Directions for this task
Give again, exactly as written, the lines of the records below from the line with "Image of Traditional" to the line with "Tan sofa and loveseat". Both end lines count; pictures do not.

Record set

....

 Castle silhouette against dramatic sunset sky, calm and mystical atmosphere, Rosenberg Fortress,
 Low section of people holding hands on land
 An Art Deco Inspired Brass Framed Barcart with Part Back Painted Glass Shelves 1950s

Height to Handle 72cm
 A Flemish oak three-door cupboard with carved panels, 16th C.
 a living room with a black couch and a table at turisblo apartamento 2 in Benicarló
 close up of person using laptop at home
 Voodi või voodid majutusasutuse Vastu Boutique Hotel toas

....

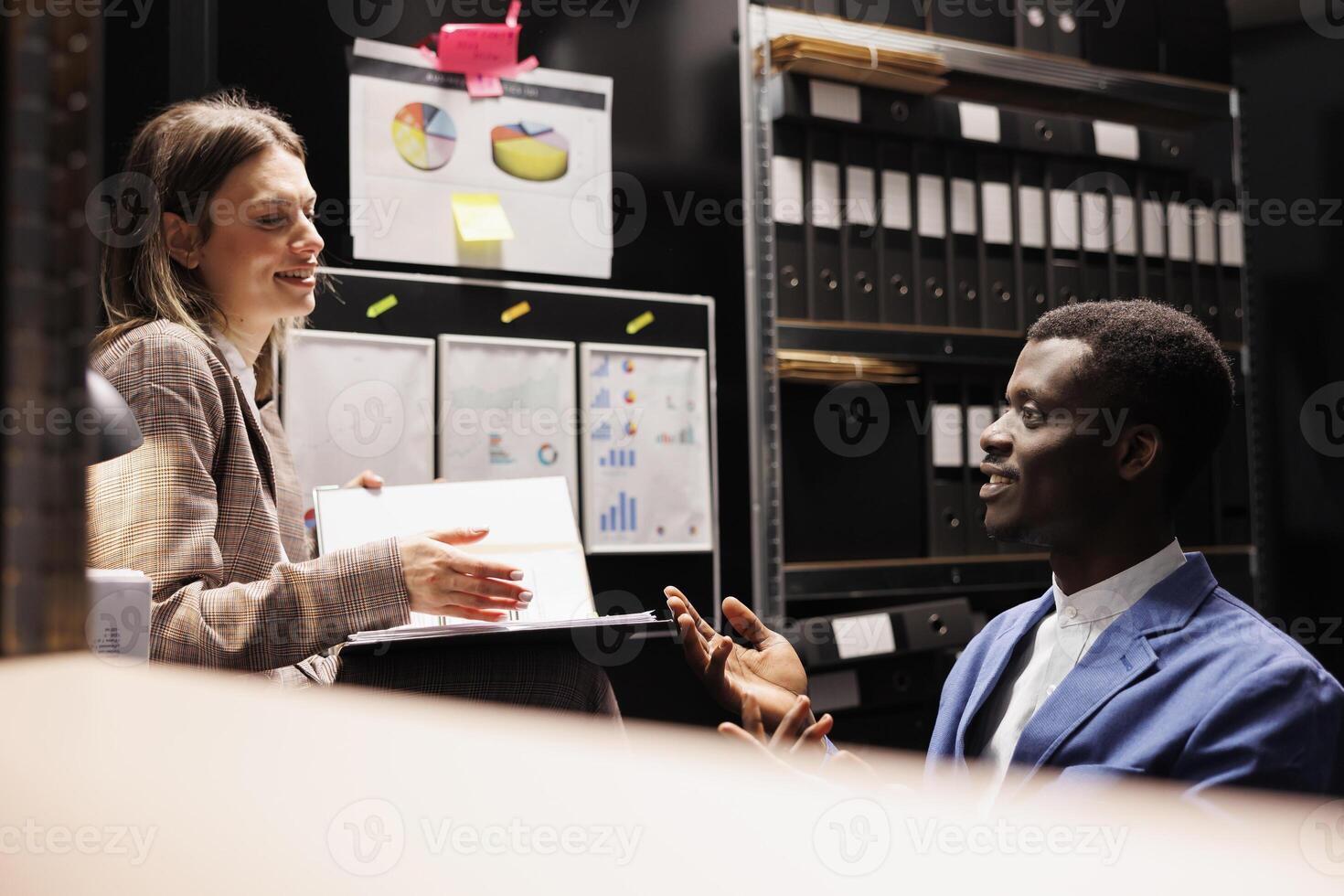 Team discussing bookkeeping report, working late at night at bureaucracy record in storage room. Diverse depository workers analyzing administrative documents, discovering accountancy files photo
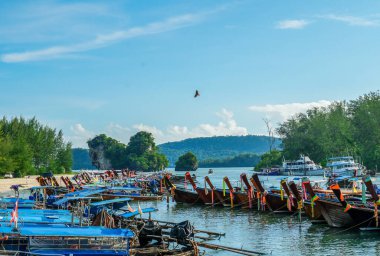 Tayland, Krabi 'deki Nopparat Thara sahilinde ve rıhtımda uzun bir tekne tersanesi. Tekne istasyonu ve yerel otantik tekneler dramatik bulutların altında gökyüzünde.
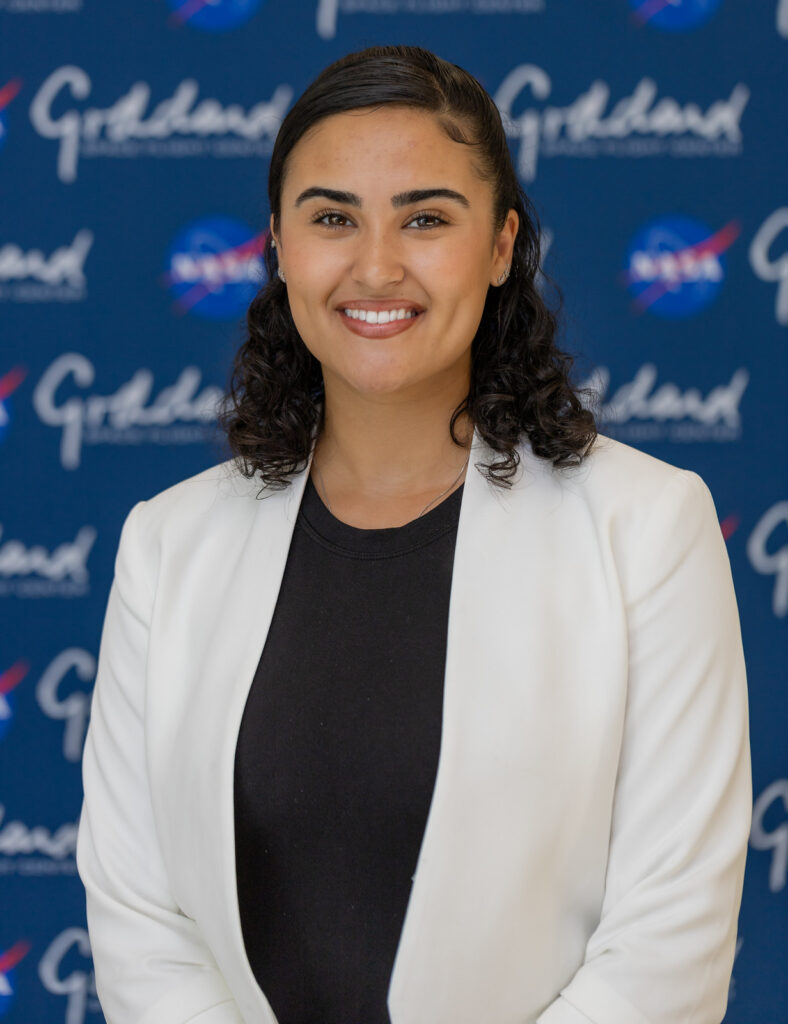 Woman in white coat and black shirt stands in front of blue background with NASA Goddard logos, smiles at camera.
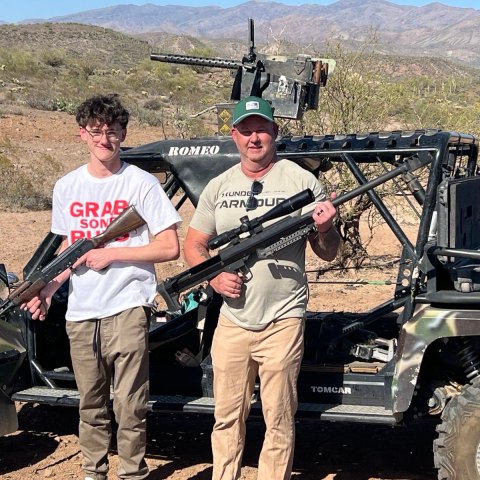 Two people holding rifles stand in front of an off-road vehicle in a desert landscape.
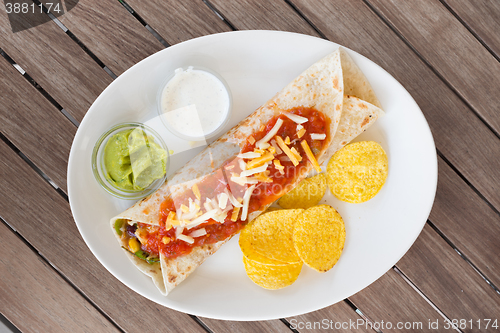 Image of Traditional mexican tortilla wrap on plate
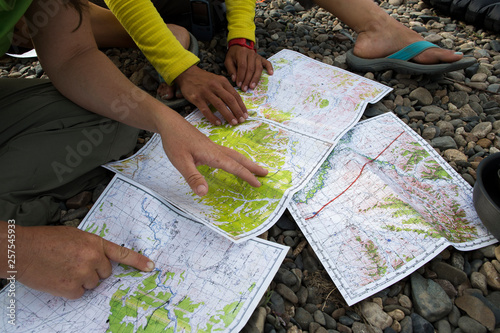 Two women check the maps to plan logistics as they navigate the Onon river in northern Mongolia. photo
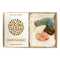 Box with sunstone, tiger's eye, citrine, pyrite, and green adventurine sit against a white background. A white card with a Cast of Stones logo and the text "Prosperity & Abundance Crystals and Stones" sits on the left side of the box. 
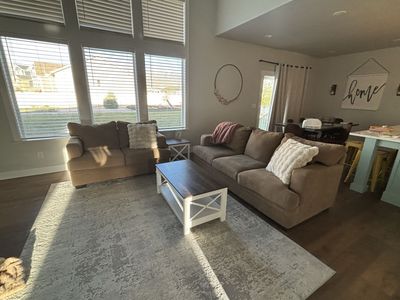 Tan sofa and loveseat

....

Result of the task
 Image of Traditional mexican tortilla wrap on plate
 Two women check the maps to plan logistics as they navigate the Onon river in northern Mongolia. photo
 Box with sunstone, tiger's eye, citrine, pyrite, and green adventurine sit against a white background. A white card with a Cast of Stones logo and the text "Prosperity & Abundance Crystals and Stones" sits on the left side of the box. 
 Tan sofa and loveseat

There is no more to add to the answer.